## [The problem]
Among the entries below, take the line with "Brass Written Charm, 4" and the line with "Built-in concrete bench", and output them and every line between them exactly, with nothing else.

## [Data]

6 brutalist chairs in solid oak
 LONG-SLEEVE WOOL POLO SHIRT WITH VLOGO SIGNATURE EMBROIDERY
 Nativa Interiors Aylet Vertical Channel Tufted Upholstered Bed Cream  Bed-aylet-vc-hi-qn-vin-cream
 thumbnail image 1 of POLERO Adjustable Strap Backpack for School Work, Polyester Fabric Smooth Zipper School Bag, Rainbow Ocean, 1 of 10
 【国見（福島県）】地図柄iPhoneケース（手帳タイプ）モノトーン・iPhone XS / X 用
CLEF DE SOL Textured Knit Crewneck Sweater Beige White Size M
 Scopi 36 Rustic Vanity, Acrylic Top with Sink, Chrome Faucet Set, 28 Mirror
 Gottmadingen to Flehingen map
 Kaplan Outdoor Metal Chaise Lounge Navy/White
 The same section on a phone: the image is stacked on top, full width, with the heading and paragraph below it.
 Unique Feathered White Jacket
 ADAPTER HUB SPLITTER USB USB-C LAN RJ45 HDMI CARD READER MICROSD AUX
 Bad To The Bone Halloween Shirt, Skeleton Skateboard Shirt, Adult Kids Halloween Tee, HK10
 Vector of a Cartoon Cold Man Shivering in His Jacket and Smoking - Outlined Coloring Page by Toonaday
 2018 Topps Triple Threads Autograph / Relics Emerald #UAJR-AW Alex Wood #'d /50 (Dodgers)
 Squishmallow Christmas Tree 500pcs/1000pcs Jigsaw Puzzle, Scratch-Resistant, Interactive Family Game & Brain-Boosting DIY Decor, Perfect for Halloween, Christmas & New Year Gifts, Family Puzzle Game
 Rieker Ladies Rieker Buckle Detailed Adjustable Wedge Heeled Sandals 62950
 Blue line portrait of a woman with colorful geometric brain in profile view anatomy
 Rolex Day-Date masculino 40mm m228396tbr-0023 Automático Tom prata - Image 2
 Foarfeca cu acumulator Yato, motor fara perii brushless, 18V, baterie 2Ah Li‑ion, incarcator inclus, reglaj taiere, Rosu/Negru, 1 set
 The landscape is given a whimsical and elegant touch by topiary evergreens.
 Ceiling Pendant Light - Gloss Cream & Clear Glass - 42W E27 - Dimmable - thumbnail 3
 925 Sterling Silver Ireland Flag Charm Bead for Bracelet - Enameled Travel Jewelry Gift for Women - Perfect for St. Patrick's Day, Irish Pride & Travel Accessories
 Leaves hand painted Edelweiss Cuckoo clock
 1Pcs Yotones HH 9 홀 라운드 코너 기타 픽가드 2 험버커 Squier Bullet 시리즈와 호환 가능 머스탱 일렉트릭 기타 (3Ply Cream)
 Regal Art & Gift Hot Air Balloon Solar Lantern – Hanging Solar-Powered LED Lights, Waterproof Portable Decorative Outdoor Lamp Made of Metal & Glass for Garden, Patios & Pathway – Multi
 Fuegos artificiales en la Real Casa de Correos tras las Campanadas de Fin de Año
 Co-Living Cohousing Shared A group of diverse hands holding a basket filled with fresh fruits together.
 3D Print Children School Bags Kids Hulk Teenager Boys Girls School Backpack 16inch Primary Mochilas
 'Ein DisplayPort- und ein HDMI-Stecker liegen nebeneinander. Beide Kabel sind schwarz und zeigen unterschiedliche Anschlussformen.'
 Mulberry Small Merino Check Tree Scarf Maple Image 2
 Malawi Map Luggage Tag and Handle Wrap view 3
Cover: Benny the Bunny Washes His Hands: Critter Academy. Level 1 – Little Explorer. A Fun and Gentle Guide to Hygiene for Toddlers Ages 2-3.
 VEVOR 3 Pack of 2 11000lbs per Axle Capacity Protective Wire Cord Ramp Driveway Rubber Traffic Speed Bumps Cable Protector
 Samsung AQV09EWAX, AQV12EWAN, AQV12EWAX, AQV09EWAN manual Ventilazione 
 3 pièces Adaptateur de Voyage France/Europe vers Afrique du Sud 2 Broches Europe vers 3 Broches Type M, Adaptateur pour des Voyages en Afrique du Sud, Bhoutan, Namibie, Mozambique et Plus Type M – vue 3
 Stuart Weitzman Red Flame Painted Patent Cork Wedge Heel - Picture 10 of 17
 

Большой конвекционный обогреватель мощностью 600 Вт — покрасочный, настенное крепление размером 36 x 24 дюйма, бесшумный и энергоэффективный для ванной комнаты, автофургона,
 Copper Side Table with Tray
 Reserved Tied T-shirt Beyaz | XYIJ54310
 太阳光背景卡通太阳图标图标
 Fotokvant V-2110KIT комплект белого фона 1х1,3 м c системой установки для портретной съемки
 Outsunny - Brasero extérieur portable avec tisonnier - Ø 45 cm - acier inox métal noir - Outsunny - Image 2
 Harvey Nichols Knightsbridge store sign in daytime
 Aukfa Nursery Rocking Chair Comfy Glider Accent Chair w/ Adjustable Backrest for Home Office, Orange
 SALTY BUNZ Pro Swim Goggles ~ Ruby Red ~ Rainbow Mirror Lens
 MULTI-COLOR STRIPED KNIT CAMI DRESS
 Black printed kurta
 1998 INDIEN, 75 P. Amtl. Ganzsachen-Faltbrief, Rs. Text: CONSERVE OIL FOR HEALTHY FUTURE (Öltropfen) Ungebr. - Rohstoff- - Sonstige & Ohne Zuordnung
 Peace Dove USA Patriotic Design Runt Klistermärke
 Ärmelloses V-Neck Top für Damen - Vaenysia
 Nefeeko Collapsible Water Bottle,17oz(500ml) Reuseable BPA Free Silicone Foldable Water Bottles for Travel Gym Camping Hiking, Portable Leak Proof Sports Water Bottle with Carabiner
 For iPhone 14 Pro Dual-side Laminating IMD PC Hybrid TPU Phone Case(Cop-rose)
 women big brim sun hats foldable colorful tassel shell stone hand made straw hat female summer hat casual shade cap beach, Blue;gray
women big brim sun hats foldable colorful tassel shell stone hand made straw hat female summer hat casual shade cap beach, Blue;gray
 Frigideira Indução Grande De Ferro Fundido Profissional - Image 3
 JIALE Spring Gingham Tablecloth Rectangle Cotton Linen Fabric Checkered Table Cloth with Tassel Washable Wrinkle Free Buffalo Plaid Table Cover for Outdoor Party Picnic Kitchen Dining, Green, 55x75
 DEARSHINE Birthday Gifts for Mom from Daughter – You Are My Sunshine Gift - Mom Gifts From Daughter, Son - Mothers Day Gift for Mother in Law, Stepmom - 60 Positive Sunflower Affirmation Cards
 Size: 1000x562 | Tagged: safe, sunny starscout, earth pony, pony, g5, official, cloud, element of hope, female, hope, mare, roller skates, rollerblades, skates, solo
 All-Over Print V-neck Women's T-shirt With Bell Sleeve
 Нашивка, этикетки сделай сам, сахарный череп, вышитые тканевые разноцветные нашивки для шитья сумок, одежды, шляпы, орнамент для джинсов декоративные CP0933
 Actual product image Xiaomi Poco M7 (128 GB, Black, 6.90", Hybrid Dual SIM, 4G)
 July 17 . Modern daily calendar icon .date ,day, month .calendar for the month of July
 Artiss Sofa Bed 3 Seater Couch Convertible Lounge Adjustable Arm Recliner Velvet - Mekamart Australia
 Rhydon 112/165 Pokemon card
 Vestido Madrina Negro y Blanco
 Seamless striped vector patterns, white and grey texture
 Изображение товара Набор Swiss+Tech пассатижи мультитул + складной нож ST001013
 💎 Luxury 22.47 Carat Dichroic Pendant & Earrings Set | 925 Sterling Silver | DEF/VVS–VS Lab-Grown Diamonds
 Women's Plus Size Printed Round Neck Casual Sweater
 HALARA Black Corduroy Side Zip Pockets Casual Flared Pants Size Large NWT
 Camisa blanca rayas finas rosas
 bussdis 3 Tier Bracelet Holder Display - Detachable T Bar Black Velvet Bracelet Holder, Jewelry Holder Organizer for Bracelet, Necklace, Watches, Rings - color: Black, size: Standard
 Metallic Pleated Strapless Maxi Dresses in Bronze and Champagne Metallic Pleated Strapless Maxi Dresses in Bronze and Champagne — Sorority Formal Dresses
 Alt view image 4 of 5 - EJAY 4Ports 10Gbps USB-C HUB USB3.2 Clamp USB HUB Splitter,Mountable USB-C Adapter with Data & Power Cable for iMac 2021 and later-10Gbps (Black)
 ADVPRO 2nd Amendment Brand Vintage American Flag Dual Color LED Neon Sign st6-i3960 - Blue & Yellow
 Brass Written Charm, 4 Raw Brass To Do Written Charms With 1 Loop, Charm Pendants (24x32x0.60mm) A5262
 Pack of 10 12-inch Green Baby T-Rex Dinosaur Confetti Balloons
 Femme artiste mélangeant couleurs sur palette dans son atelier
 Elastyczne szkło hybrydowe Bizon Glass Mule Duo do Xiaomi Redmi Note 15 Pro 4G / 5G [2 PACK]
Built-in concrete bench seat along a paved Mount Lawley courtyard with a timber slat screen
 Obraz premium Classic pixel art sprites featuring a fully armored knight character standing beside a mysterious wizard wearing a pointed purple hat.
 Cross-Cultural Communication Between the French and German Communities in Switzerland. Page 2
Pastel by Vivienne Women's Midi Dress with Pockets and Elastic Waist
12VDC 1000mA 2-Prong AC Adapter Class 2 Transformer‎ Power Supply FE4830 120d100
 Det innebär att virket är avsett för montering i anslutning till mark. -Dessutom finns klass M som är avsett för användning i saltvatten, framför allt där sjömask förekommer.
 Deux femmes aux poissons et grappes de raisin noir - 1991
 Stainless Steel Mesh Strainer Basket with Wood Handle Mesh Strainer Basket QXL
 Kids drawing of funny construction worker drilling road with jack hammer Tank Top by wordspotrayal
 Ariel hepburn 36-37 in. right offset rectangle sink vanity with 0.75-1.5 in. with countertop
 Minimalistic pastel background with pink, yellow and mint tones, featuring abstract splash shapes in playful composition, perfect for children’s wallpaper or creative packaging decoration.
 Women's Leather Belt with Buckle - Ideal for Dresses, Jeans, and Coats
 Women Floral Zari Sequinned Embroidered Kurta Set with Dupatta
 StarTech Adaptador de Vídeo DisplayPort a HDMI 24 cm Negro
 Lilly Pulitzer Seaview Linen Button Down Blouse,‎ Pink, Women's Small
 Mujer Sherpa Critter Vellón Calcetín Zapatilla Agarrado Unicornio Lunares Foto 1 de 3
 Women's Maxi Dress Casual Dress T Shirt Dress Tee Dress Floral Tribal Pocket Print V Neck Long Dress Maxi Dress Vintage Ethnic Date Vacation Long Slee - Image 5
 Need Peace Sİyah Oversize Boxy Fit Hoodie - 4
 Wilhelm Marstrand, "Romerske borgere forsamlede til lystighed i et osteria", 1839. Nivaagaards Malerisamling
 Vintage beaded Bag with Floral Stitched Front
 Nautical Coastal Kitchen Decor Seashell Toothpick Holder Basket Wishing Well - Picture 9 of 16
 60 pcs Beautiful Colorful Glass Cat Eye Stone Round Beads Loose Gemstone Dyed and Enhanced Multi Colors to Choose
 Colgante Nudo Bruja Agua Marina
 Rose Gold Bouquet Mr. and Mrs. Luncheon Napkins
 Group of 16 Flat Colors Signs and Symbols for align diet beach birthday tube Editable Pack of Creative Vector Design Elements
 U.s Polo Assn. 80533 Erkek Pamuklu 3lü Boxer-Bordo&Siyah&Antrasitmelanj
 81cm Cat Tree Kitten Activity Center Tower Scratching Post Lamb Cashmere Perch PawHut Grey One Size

## [Exercise output]
 Brass Written Charm, 4 Raw Brass To Do Written Charms With 1 Loop, Charm Pendants (24x32x0.60mm) A5262
 Pack of 10 12-inch Green Baby T-Rex Dinosaur Confetti Balloons
 Femme artiste mélangeant couleurs sur palette dans son atelier
 Elastyczne szkło hybrydowe Bizon Glass Mule Duo do Xiaomi Redmi Note 15 Pro 4G / 5G [2 PACK]
Built-in concrete bench seat along a paved Mount Lawley courtyard with a timber slat screen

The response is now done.